| What you are asked to do |
Reproduce word for word the lines between those holding "KT-8135 Seated Bathtub" and "A tenger élővilága", inclusive, and nothing else from the data below.

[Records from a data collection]
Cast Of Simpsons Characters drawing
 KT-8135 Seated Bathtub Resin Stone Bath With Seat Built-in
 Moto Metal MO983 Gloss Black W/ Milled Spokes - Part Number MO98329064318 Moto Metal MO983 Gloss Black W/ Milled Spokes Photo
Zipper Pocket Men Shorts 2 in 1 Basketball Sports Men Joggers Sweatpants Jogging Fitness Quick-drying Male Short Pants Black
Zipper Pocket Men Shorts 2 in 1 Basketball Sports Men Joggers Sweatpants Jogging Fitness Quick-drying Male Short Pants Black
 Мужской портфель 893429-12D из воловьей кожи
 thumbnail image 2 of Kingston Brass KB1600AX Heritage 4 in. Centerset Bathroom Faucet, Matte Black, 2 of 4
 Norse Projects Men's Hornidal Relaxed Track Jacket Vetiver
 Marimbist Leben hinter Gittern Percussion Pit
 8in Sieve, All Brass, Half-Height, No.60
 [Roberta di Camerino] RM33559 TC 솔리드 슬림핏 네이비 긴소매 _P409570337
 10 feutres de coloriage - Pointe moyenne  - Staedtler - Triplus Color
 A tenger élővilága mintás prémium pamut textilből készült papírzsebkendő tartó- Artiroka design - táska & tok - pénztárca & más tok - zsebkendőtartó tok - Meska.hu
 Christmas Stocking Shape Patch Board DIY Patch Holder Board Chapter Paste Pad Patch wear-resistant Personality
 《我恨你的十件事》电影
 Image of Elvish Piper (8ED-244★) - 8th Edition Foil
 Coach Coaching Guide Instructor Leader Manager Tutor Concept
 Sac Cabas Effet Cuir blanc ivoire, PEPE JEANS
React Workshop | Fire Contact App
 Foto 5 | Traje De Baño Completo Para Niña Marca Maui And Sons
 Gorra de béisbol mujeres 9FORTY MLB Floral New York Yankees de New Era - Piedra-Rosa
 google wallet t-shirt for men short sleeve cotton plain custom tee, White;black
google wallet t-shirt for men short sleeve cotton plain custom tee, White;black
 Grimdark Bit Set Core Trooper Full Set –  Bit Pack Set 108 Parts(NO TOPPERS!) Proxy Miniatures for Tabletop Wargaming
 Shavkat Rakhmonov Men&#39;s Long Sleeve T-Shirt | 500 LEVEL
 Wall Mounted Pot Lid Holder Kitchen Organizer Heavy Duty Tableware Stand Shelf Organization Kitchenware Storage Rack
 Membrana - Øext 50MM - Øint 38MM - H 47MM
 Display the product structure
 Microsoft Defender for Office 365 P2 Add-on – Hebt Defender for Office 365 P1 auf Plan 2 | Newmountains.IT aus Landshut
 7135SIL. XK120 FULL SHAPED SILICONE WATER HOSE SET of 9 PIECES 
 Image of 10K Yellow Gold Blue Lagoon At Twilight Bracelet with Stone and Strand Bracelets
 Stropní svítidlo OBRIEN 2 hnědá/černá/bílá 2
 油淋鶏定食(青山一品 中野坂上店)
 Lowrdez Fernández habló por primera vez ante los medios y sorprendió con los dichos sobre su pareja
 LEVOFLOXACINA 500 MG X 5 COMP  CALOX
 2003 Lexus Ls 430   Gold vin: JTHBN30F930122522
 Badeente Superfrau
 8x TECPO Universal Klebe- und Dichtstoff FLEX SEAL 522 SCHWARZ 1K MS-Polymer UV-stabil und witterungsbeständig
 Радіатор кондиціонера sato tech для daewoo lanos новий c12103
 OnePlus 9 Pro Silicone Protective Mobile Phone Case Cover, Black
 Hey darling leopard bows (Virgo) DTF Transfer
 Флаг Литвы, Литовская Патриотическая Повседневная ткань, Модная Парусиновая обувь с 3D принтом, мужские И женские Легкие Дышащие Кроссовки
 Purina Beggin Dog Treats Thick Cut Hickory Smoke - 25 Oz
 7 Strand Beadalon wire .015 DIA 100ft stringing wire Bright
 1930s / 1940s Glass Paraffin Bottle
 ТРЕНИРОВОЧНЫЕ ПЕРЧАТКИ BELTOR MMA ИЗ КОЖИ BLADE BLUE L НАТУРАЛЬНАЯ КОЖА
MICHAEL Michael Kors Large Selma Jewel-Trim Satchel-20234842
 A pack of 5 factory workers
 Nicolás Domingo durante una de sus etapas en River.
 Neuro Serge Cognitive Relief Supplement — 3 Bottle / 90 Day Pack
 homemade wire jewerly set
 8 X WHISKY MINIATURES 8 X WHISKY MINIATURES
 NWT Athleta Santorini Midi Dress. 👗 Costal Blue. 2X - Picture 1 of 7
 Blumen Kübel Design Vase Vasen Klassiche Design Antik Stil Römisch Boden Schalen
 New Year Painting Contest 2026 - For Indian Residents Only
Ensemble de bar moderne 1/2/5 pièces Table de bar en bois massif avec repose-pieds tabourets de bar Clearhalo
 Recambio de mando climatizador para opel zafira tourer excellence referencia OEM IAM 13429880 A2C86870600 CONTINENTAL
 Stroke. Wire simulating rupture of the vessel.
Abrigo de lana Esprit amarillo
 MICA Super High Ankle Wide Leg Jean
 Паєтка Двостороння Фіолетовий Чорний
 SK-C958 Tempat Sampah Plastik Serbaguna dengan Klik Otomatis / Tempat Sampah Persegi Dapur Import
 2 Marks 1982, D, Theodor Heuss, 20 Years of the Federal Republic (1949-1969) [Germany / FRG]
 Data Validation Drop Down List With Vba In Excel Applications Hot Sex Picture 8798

| Answer below |
 KT-8135 Seated Bathtub Resin Stone Bath With Seat Built-in
 Moto Metal MO983 Gloss Black W/ Milled Spokes - Part Number MO98329064318 Moto Metal MO983 Gloss Black W/ Milled Spokes Photo
Zipper Pocket Men Shorts 2 in 1 Basketball Sports Men Joggers Sweatpants Jogging Fitness Quick-drying Male Short Pants Black
Zipper Pocket Men Shorts 2 in 1 Basketball Sports Men Joggers Sweatpants Jogging Fitness Quick-drying Male Short Pants Black
 Мужской портфель 893429-12D из воловьей кожи
 thumbnail image 2 of Kingston Brass KB1600AX Heritage 4 in. Centerset Bathroom Faucet, Matte Black, 2 of 4
 Norse Projects Men's Hornidal Relaxed Track Jacket Vetiver
 Marimbist Leben hinter Gittern Percussion Pit
 8in Sieve, All Brass, Half-Height, No.60
 [Roberta di Camerino] RM33559 TC 솔리드 슬림핏 네이비 긴소매 _P409570337
 10 feutres de coloriage - Pointe moyenne  - Staedtler - Triplus Color
 A tenger élővilága mintás prémium pamut textilből készült papírzsebkendő tartó- Artiroka design - táska & tok - pénztárca & más tok - zsebkendőtartó tok - Meska.hu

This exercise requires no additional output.